**What is being asked**
Among the lines of the records below, count those with the word "фото". Reply with that number alone.

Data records
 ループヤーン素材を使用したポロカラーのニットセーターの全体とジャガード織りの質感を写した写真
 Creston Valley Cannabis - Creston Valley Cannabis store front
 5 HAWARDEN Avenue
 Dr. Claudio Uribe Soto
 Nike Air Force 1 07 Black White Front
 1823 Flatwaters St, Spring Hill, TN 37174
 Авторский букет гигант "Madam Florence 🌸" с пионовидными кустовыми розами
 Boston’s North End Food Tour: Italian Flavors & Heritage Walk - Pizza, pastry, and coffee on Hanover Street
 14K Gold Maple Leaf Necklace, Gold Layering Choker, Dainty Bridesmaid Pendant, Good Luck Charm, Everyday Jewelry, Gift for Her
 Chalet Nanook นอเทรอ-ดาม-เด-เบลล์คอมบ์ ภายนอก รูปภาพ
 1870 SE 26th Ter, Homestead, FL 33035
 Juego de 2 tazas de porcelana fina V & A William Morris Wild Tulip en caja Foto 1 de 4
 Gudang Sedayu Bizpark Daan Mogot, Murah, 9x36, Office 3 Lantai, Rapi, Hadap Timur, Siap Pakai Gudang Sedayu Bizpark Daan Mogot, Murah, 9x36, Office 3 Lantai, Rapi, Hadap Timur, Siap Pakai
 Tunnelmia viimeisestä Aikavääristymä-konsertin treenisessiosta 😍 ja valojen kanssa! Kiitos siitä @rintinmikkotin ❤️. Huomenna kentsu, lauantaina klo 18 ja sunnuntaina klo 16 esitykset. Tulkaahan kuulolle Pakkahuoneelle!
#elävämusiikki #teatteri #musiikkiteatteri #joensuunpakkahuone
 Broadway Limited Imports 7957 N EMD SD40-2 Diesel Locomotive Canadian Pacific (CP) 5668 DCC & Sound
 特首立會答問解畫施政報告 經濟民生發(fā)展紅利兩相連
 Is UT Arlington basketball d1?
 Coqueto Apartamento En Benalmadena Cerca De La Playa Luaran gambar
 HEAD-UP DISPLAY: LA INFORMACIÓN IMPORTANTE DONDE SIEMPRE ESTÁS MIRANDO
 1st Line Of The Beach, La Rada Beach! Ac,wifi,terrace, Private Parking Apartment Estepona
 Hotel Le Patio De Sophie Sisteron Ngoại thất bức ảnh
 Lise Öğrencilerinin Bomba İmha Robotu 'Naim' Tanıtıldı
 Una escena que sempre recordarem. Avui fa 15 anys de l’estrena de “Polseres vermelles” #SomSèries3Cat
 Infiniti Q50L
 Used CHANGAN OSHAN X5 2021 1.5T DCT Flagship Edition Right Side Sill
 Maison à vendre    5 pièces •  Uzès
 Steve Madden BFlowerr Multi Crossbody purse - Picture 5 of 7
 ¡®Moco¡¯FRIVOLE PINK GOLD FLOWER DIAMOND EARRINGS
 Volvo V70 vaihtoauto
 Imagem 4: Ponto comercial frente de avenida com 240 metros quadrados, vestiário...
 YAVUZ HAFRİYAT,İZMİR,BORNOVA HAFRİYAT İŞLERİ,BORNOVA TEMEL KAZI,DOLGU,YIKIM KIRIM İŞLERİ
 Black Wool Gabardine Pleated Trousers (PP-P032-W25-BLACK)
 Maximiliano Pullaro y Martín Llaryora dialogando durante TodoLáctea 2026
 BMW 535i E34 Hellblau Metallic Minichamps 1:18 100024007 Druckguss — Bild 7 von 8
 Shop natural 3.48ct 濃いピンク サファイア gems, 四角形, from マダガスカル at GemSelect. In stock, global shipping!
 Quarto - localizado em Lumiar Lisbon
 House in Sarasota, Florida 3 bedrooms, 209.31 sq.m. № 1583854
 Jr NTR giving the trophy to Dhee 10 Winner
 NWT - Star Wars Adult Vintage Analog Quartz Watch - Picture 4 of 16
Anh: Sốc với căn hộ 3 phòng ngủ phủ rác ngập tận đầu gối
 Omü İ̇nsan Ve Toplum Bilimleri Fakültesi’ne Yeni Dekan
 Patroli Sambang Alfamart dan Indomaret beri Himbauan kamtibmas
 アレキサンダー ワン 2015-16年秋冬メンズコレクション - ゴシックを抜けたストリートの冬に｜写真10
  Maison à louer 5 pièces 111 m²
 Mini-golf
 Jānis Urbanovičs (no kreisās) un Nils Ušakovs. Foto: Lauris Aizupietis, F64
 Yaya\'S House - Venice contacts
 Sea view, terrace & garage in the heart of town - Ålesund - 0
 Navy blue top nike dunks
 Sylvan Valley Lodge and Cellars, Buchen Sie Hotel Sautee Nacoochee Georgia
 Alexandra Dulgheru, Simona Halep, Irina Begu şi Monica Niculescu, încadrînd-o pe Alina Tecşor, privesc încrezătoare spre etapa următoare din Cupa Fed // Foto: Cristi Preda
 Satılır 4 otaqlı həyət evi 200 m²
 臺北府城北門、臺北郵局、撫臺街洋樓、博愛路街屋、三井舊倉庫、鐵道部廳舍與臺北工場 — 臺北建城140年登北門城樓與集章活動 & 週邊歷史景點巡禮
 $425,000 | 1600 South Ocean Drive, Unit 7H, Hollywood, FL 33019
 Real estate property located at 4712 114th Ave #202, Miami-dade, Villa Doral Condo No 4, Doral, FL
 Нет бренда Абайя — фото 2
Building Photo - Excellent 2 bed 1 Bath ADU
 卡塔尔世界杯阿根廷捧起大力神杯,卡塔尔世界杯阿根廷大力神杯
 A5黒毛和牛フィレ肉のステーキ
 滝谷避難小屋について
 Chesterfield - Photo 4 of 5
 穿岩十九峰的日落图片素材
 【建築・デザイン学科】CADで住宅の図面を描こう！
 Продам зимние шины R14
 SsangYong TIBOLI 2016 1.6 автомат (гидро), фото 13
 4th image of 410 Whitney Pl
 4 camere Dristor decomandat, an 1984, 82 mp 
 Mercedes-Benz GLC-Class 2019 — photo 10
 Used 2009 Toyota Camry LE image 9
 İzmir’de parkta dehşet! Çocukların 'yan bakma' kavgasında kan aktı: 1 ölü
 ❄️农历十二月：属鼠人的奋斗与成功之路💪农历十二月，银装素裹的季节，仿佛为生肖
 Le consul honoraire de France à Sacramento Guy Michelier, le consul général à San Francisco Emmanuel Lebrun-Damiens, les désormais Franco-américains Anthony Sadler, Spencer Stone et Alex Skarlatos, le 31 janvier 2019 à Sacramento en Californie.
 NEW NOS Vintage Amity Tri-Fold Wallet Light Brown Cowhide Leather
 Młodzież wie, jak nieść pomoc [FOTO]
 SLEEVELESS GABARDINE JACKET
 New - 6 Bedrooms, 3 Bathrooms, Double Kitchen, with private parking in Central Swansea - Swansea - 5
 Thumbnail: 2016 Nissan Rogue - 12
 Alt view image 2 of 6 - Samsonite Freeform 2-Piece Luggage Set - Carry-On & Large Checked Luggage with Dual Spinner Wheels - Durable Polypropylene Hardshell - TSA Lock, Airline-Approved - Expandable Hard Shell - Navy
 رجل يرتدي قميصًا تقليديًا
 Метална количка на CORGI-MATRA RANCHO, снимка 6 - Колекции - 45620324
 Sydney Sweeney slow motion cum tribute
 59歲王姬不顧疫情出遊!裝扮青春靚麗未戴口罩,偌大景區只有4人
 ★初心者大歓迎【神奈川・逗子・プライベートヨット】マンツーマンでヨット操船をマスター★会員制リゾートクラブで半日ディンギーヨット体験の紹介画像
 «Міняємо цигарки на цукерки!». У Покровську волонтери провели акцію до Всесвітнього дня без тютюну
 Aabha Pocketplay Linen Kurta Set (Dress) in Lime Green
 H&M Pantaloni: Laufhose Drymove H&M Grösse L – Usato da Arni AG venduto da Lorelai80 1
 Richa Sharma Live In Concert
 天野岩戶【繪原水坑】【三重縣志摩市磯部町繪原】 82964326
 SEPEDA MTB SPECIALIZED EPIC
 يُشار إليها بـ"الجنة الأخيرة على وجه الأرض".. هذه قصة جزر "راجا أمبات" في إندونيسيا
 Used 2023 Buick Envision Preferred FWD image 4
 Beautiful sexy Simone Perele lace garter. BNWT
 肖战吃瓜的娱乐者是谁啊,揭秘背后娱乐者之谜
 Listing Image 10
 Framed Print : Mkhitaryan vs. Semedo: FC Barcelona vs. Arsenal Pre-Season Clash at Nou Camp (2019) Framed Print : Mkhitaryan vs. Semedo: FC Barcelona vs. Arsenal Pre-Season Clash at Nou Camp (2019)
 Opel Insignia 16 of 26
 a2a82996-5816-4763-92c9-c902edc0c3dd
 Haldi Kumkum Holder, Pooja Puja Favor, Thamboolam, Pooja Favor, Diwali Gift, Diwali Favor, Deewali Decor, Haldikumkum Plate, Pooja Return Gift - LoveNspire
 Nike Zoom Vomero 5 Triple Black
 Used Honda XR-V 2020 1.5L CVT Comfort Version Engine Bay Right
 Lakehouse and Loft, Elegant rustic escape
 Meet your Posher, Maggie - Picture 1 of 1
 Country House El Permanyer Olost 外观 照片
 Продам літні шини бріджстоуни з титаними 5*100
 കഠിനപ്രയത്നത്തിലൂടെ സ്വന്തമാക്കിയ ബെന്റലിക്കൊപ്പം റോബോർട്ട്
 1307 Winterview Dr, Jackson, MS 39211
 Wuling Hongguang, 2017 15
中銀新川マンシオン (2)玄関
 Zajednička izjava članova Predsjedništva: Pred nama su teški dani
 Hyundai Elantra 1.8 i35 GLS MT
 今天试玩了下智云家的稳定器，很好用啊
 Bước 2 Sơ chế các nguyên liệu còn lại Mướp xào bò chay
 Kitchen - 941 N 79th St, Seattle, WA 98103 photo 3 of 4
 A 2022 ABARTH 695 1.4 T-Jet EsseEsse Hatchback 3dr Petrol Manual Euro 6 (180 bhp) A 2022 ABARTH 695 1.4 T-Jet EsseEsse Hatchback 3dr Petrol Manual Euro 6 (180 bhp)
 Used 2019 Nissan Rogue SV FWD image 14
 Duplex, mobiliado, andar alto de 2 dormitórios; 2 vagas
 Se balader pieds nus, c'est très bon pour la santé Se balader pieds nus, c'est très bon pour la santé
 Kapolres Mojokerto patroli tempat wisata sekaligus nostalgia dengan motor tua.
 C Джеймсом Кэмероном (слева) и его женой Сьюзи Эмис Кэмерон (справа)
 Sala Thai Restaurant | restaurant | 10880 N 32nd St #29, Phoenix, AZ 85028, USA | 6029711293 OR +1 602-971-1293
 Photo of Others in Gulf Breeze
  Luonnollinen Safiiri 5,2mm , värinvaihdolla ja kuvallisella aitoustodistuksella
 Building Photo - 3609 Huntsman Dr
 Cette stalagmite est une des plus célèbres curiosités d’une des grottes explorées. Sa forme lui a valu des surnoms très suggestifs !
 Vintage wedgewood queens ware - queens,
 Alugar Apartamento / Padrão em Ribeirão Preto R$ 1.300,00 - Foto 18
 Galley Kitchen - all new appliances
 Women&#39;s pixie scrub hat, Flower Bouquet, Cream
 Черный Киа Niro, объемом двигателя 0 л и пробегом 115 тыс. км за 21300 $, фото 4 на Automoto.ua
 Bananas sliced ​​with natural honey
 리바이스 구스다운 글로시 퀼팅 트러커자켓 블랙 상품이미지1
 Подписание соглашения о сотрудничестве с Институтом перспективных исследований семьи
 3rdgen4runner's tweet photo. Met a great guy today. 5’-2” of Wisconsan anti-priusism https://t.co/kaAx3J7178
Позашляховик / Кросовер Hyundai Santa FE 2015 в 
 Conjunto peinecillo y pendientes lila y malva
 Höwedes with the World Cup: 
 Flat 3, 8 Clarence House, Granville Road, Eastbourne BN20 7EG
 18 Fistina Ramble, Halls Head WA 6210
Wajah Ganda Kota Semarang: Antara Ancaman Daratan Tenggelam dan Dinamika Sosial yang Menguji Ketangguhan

**Answer section**
3